Die Frau war bereits dabei, um die Ecke zu verschwinden. Er
rannte los, um sie noch einzuholen.
    Warum hab ich es nur aufgehoben? dachte Cally voller Panik,
während sie auf der Achtundvierzigsten Straße nach Osten in
Richtung Madison Avenue hastete. Sie hatte ihre Absicht
aufgegeben, die Fifth Avenue hinunterzugehen, um den
Straßenverkäufer mit den Puppen zu finden. Statt dessen lenkte
sie ihre Schritte zur Untergrundbahn der Lexington Avenue. Ihr
war bewußt, daß es schneller gewesen wäre, nach Norden zu der
U-Bahn an der Einundfünfzigsten zu gehen, aber das
Portemonnaie fühlte sich wie ein heißer Ziegelstein in ihrer
Manteltasche an, und es kam ihr so vor, als blicke sie jeder
vorwurfsvoll an, wohin sie sich auch wandte. Grand Central
Station war mit Sicherheit total überfüllt. Dort würde sie in die
U-Bahn steigen. Es war ein Ort, der mehr Sicherheit bot.

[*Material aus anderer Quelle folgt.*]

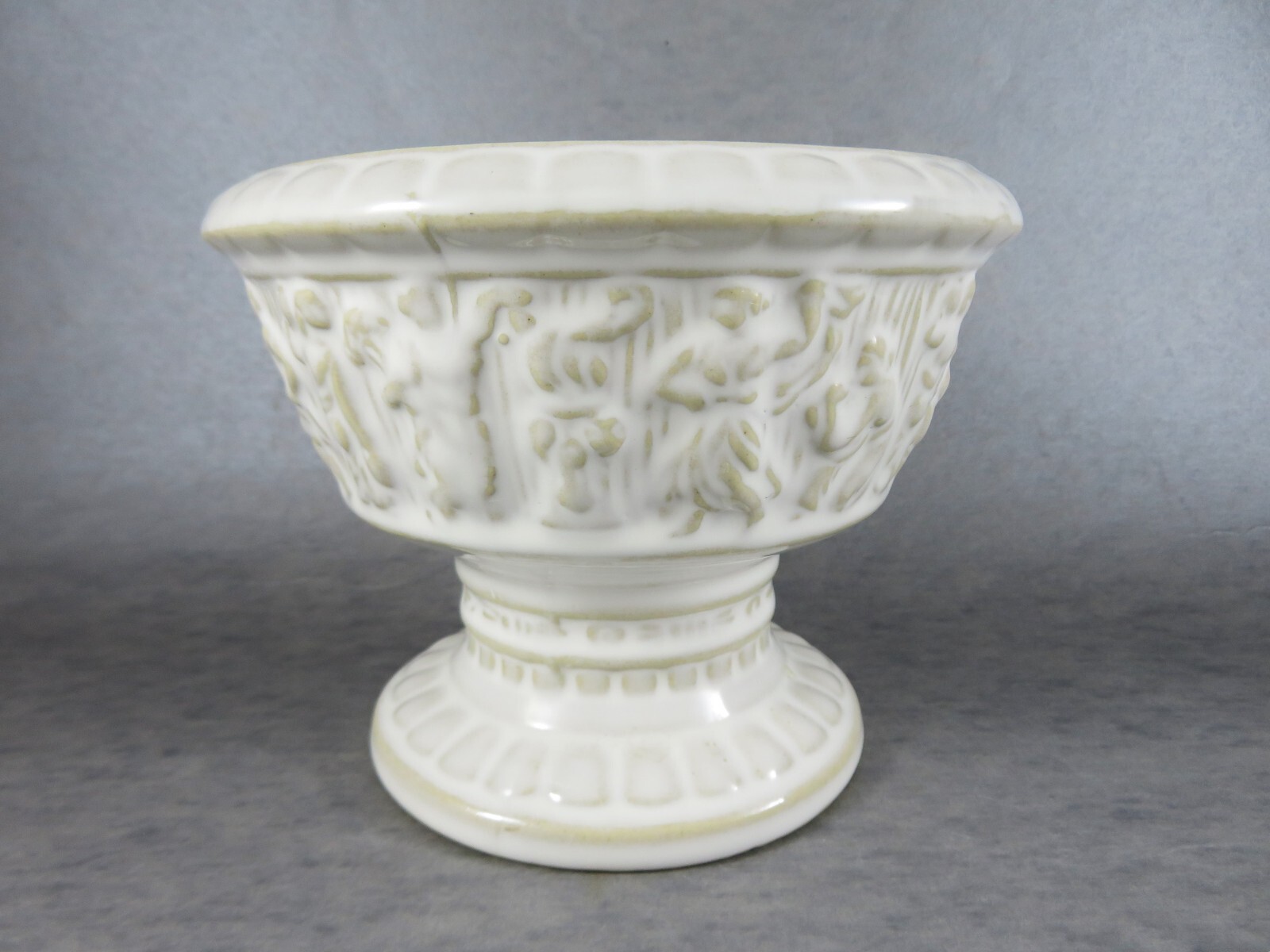 Ceramic Planter Pedestal Bowl Embossed Roman Figures 4.75 In High Vintage 1970s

    Ein Streifenwage n fuhr an ihr vorbei, als sie nach rechts um
die Ecke ging und die Straße überquerte. Trotz der Kälte hatte
sie zu schwitzen angefangen.
    Das Portemonnaie gehörte wahrscheinlich dieser Frau mit den
kleinen Jungen. Es lag direkt neben ihr auf dem Boden. Cally
dachte an den Moment zurück, als sie die schlanke junge Frau in
dem rosafarbenen und, wie sie an den umgeschlagenen Ärmeln
sehen konnte, pelzgefütterten Allwettermantel erblickt hatte.
Der Mantel war ohne Zweifel teuer, genauso wie die
Umhängetasche der Frau und ihre Stiefel; das dunkle Haar, das
ihr bis zum Mantelkragen reichte, glänzte schön. Sie sah nicht
so aus, als könnte sie die geringste Sorge auf der Welt haben.
    Cally hatte gedacht: Ich würde gerne genauso aussehen. Sie
ist etwa so alt und so groß wie ich, und wir haben fast die
gleiche Haarfarbe. Na schön, vielleicht kann ich mir ja nächstes
Jahr hübsche Kleider für Gigi und mich leisten.
    Dann hatte sie den Kopf gewandt, um einen Blick auf die
Schaufenster von Sak’s zu werfen. Zwar habe ich nicht gesehen,
daß ihr das Portemonnaie herunterfiel, dachte sie. Aber als sie
an der Frau vorbeigegangen war, spürte sie, wie ihr Fuß an
etwas stieß, und sie hatte nach unten geschaut und es dort liegen
sehen.
    Warum hab ich sie nicht einfach gefragt, ob es ihr gehört?
warf sich Cally gequält vor. Doch dann war ihr sofort wieder
eingefallen, wie Grandma eines Tages ganz gedemütigt und
erregt nach Hause gekommen war. Sie hatte eine Geldbörse auf
der Straße gefunden, sie dann aufgemacht und den Namen und
die Adresse der Besitzerin darin gefunden. Drei Blocks weit war
sie gelaufen, um die Börse abzugeben, obwohl ihre Arthritis
damals schon so schlimm war, daß ihr jeder Schritt weh tat.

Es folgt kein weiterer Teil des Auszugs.